The catch: this only works if your trace coverage is 100% (or close to it). If you’re sampling 10% of traces to save costs, your metrics are 10% accurate. The game teaches you this the hard way: you’ll spot metric gaps that correspond exactly to the traces you dropped. Real production incidents often hide in the sampled-away traces.

44 Chaos Scenarios Across 12 Categories

Here’s where the game forces learning. Each round, the chaos engine randomly selects a scenario and injects a failure:

Each fault has metadata: affected services, difficulty level, expected observable symptoms, and the actual root cause.

The gameplay loop:

1. Idle state: view dashboard, read metrics/traces/logs from previous round
2. Trigger chaos: one of 44 scenarios is selected and injected
3. Degrade: response times spike, error rates rise, specific services show RED metric changes
4. Diagnose: you query CloudWatch, X-Ray, CloudWatch Logs; look for correlations
5. Hypothesize: you submit a free-text answer (“payment pod crashed after 30s”, “network delay on cart service”, etc.)
6. Score: Bedrock Nova Pro reads your answer and scores it 0–100% based on accuracy and completeness
7. Remediate: game reverses all chaos mutations automatically, or you can manually fix it
8. Repeat: next scenario

The gotcha: compound scenarios (two or three faults injected together) are almost impossible to diagnose from metrics alone. You need traces to see the causal chain. A pod restart with a simultaneous network delay looks like “everything is slow” in metrics; in traces, you see the requests timing out and retrying, which tells you something upstream is broken.

This teaches you why distributed tracing is not optional for production complexity.

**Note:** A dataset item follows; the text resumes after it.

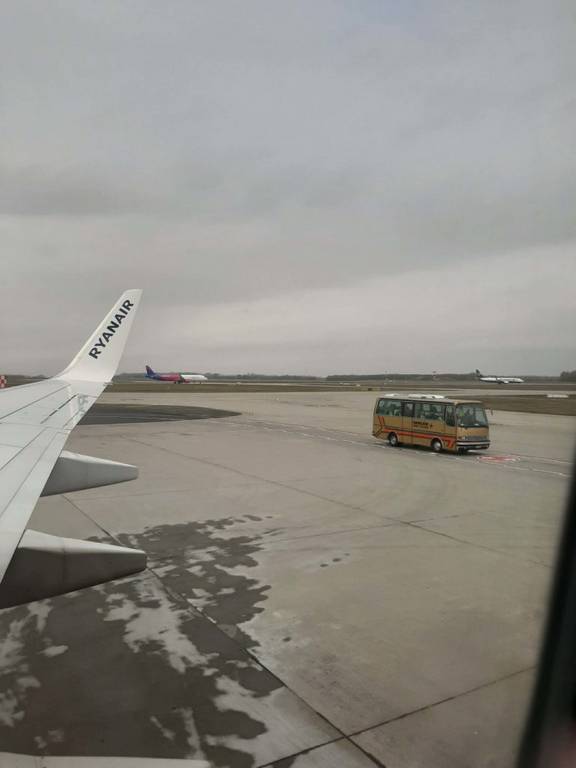 Aeroporto de Budapeste autocarro turístico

LLM-Augmented Diagnosis: Bedrock as Your SRE Partner

The LLM scoring is the game’s most forward-looking feature. Instead of multiple choice answers (“Which of these broke?”), you submit a free-text hypothesis. Bedrock Nova Pro reads it, compares it to the actual injected fault, and assigns a score.

Example:

• You submit: “Payment service crashed because CPU went too high”
• Actual fault: Pod memory limit reduced to 256Mi, pod OOMKilled
• LLM assessment: “You identified the payment service and a resource constraint, but misidentified the resource type (CPU vs memory). Partial credit: 65%”

The LLM also provides hints on demand. Ask for help and it’ll say something like, “Check X-Ray for payment service errors in the last 5 minutes” or “Look at your container restart count in CloudWatch logs.”

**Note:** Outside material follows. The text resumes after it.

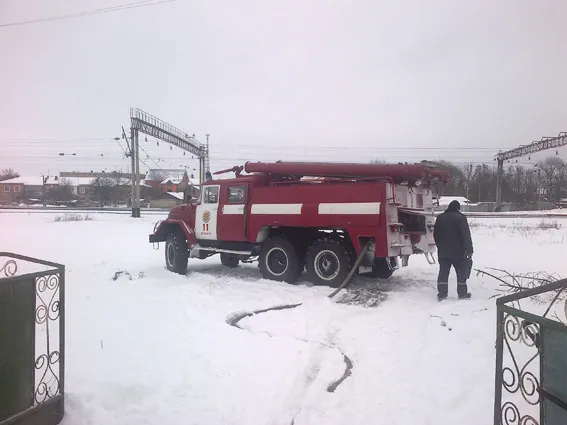 Вогнеборці ліквідували чотири пожежі в житлових та господарчих будівлях (Фото) — фото 3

This is a prototype for AI-assisted incident response. Instead of paging an on-call engineer who spends 15 minutes staring at dashboards, an LLM can quickly narrow the hypothesis space: “You see high latency; here are 5 scenarios to check first.”

Where this fails: LLM scoring only works if your hypothesis is grounded in observability data. If you guess randomly, the LLM will score you fairly but won’t help you improve. The game is teaching you to use observability to reason about failure, not to avoid it.

Secure Keyless AWS Access: IRSA and SigV4

The game demonstrates production-grade security for Kubernetes-to-AWS integration: IAM Roles for Service Accounts (IRSA) and SigV4 request signing.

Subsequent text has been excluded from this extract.